Opinioni

Il voto. Dire addio alle pluricandidature per il vero rapporto elettori-eletti

Martino Liva venerdì 19 agosto 2022

Il nostro Paese corre verso il voto del 25 settembre e si addentra in settimane di campagna elettorale. In attesa di un serio confronto sui contenuti programmatici (arriverà?), il dibattito politico si concentra su strategie, simboli e liste. Già, perché tra il 12 e il 14 i partiti dovranno depositare i simboli elettorali, mentre tra il 21 e il 22 agosto, concludere la composizione delle liste. Ecco, a tale ultimo proposito, è utile ricordare cosa prevede la legge, e, soprattutto, invitare i partiti a uno sforzo di chiarezza verso gli elettori. Ci si riferisce al meccanismo delle pluricandidature. È vero che la legge elettorale attuale (il cosiddetto Rosatellum), anche sulla scia delle considerazioni della nota sentenza Corte Cost. 35/2017 sul cosiddetto Italicum, ha migliorato quanto prevedeva sul punto la legge precedente (il cosiddetto Porcellum).

Ma ancora lo prevede. Che significa? Alcuni candidati posso presentarsi in più liste proporzionali (cioè nei collegi plurinominali), fino a un massimo di cinque, oltre alla possibilità di competere anche in un solo collegio uninominale. Astrattamente, ove un candidato sfruttasse al massimo questa facoltà, potrebbe presentarsi agli elettori di 6 diversi collegi: in uno, come candidato per il sistema maggioritario, negli altri cinque, in liste a elezione proporzionale. Si dirà: il meccanismo nasce anche per favorire i partiti minori, spesso più in difficoltà nel trovare candidati in tutti i collegi a livello nazionale.

Certo è che, però, un utilizzo disinvolto del meccanismo, si traduce in una sorta di inganno per gli elettori, affievolendo il legame che li lega (o dovrebbe legarli) agli eletti, oltre che in una 'furberia' per assicurare a certi candidati un seggio in Parlamento, scalfendo nuovamente il rapporto di fiducia tra elettore ed eletto.

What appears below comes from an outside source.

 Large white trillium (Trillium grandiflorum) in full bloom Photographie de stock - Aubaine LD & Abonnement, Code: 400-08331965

Qualche esempio? Un candidato bocciato nel collegio uninominale, può, infatti, comunque essere eletto in Parlamento per il viatico di una lista proporzionale, magari in diverso collegio.

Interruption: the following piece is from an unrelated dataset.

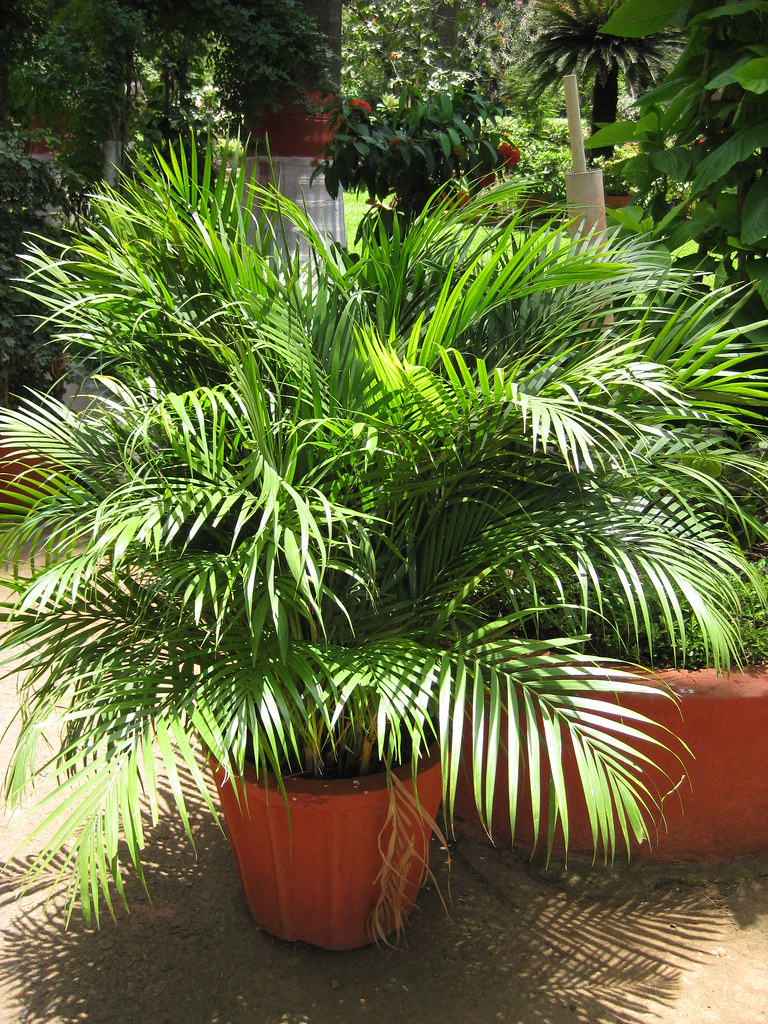 potted palms Rekha Eipe Flickr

Ma resta un candidato rifiutato dal suo elettorato. Oppure, un candidato che si presenta in liste proporzionali di cinque diversi collegi, essendo poi necessariamente eletto solo in uno (per la legge, quello nel quale la lista cui appartiene ha ottenuto la minore percentuale), di quale comunità di sentirà espressione? A quale elettore potrà dire, 'io ti rappresento'? E gli altri, che pure lo hanno sostenuto, non si sentiranno un poco traditi? Allora, un’idea molto semplice, sperando che non evapori sotto il sole di ferragosto. Perché non rinunciare, al sistema delle pluricandidature, nel segno di un surplus di trasparenza verso gli elettori rispetto a quanto dice la legge?

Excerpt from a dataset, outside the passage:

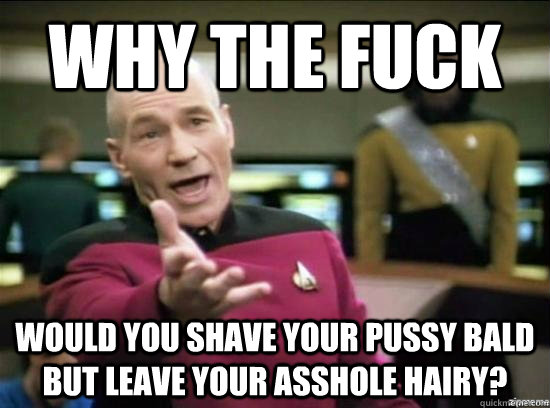 Why the fuck would you shave your pussy bald but leave your asshole hairy? - Why the fuck would you shave your pussy bald but leave your asshole hairy?  Annoyed Picard HD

Perché non selezionare chi davvero ha un rapporto solido con un certo territorio, per i collegi uninominali (senza paracadute nel proporzionale) e lasciare ai rappresentati politici – o ai candidati indipendenti o 'di bandiera' – le liste proporzionali, applicando in via volontaria, anche qui il principio, di un collegio soltanto? Una nota finale. Trasparenza elettorale vorrebbe che chi si candida al Parlamento ricoprendo altre cariche pubbliche elettive per legge incompatibili (parlamentare europeo, sindaco dei Comuni più grandi, presidente di Regione), dicesse prima, se eletto, per quale carica opterà. E, se possibile, spiegasse ai suoi vecchi elettori, che l’avevano selezionato per un certo ruolo, il motivo della scelta. Sempre che dare spiegazioni al cittadino elettore non sia considerato troppo un impiccio.